As it is, his little rave-out after yet another loss to the Caps reminds us of Donovan McNabb’s equally insane insistence that the Eagles were better than the Redskins despite the latter’s sweep of the former in the season series. The after-the-fact bitterness in both cases illustrates the animosity our teams can expect to face as they rise (or prepare to rise) to heights the rest of the sports world seems to think they should not.

Speaking of such sentiment, by now we all know about Don Cherry’s insane Ovie-related rant. The bald absurdity of it all is self-apparent, and the motive behind it all even more so with the mentioning of poor down-and-out Sidney Crosby immediately before the Ovechkin celebration bashing began. People are on to the overrated-ness of Sid, realizing the greatness of Ovechkin, and Cherry and other Sid anointers are unable to deal with it.

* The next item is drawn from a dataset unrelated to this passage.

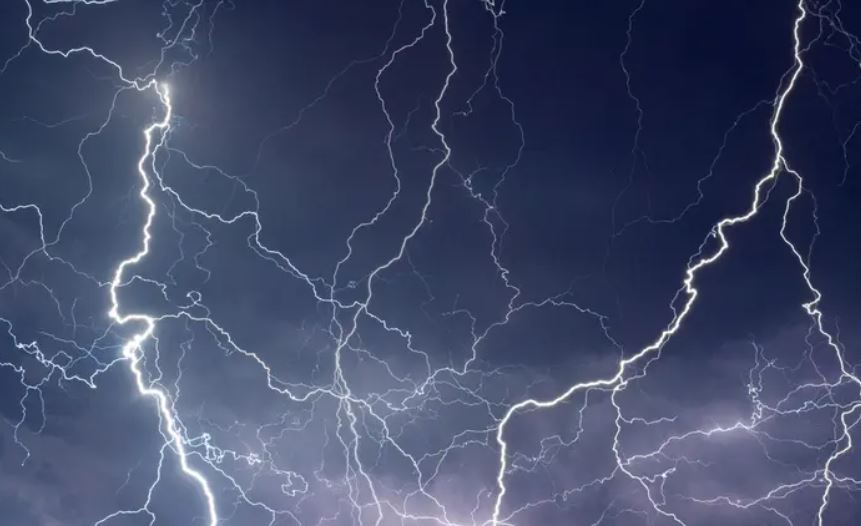 عواصف عنيفة تضرب اليونان ..  و22 ألف صاعقة في يوم واحد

It’s interesting that Cherry held up soccer players for ridicule because of some of their goal celebrations and then likened Ovehckin’s celebrations to those. We think a far more telling comparison between the two sports would be comparing this:



To this:



Now we get the analogy. Thanks, Don.

As has been pointed out pretty much universally since this nonsense hit the airwaves, the timing of Cherry’s idiocy is curious, coming at a time when Ovechkin’s star is very much on the rise and the sheen is coming off Sid exponentially as his whining, tantrum-throwing, and baffling suspension-less cheap-shotting increase (also curious that many of the Ovie clips shown have been around for at least a couple of years, and only now apparently has the outrage come forth in Cherry’s Canadian-centric mind). NHL players, at the very least, are starting to fully embrace the anti-Sid movement. Hopefully NHL marketers will come to their senses as well, and maybe even NBC will start to show a few more games not featuring the Penguins.

In the end, we at DCO are heartened by these anti-Caps developments, as it indicates that the Capitals will likely not be inundated with irritating darling-ism, such as been heaped upon every Penguins’ team since Cherry’s Messiah broke into the league and lost the Calder trophy to Ovechkin. Maybe they’ll just be allowed to go about their business bringing a Cup to DC, and to making the town a permanent residence for other trophies with names like Hart, Richard, Ross, Adams, Norris, etc.